WHAT THE EXERCISE ASKS:
When you write the records again, keep every line exactly as it was.

EXCERPTED RECORDS:

┄┄┄┄┄┄┄┄┄┄

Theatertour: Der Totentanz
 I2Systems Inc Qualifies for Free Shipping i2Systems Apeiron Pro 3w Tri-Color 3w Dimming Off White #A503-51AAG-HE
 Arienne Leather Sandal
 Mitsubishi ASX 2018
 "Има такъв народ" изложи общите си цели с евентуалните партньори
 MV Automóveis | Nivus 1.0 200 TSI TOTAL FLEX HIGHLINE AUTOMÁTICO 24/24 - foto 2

┄┄┄┄┄┄┄┄┄┄

EXPECTED ANSWER:
Theatertour: Der Totentanz
 I2Systems Inc Qualifies for Free Shipping i2Systems Apeiron Pro 3w Tri-Color 3w Dimming Off White #A503-51AAG-HE
 Arienne Leather Sandal
 Mitsubishi ASX 2018
 "Има такъв народ" изложи общите си цели с евентуалните партньори
 MV Automóveis | Nivus 1.0 200 TSI TOTAL FLEX HIGHLINE AUTOMÁTICO 24/24 - foto 2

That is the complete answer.